Do your neighbors have an access??


----------



## Inspector Gift (Apr 30, 2021)

It's required and enforced here.   I listen to the builders complaints, explain the code and reasons, then kindly tell them to provide the access.  No access, no pass.


----------



## redeyedfly (Apr 30, 2021)

Inspector Gift said:


> It's required and enforced here.   I listen to the builders complaints, explain the code and reasons, then kindly tell them to provide the access.  No access, no pass.

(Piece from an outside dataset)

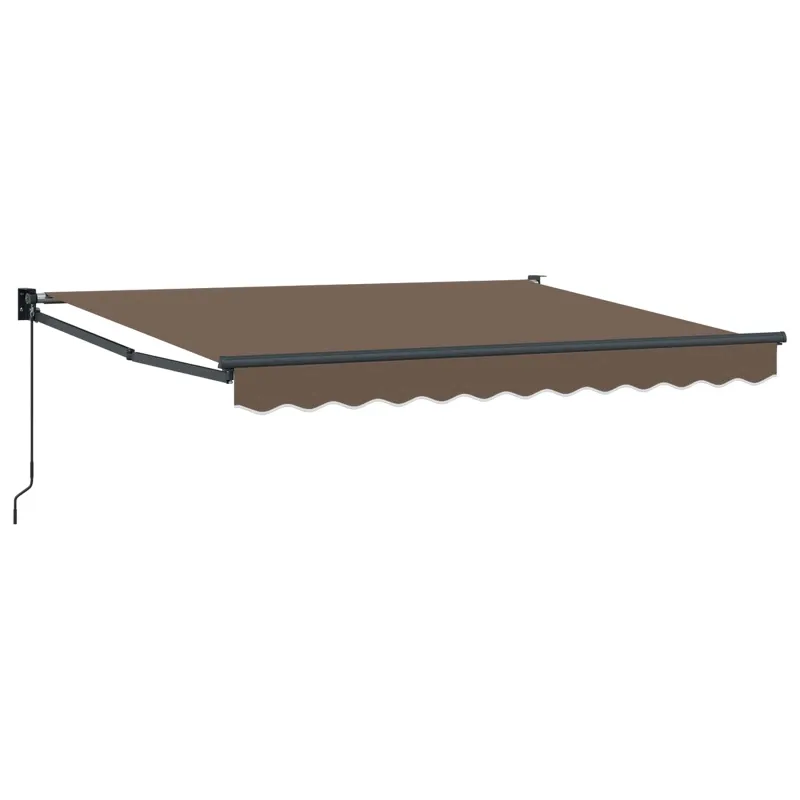 Ištraukiama markizė Taupe 4,5 × 3 m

They complain because they don't want to pay for the detailing to maintain insulation/air barrier/vapor barrier.  They wouldn't complain if you could still just put a piece of gyp over a hole in the ceiling.  
Access is still required and they need to include the cost in their bid and quit complaining.


----------



## Frustrated Owner (Apr 30, 2021)

cda said:


> one story house??
> 
> Strange no hatch or door?
> 
> ...


Single story home. No equipment beyond ductwork/electrical in attic. 

Would not be useful for storage (trussed), but would be useful for inspecting condition of roof, insulation, water leak checks, etc. 

I suspect that since the word *combustible* is a qualifier that the real purpose of the access is for the fire department if there were a fire.


----------



## cda (Apr 30, 2021)

Frustrated Owner said:


> Single story home. No equipment beyond ductwork/electrical in attic.
> 
> Would not be useful for storage (trussed), but would be useful for inspecting condition of roof, insulation, water leak checks, etc.
> 
> I suspect that since the word *combustible* is a qualifier that the real purpose of the access is for the fire department if there were a fire.



No, They like to cut holes in the roof!!!!

Plus sometimes, you can never find it!!!

Still wonder how they insulated it???????


----------



## linnrg (Apr 30, 2021)

is there a large gable end vent that is removable?


----------



## ICE (Apr 30, 2021)

_R807.1 Attic access. Buildings with combustible ceiling or roof construction shall have an attic access opening to attic areas that have a vertical height of 30 inches (762 mm) or greater over an area of not less than 30 square feet (2.8 m2). The vertical height shall be measured from the top of the ceiling framing members to the underside of the roof framing members. _

The electrical code requires a junction box to remain accessible so if there are any junction boxes located in an attic there shall be access to that attic.


----------



## cda (Apr 30, 2021)

Wonder if there is attic access, just has not found it???


----------



## Frustrated Owner (Apr 30, 2021)

cda said:


> No, They like to cut holes in the roof!!!!
> 
> Plus sometimes, you can never find it!!!
> 
> Still wonder how they insulated it???????





linnrg said:


> is there a large gable end vent that is removable?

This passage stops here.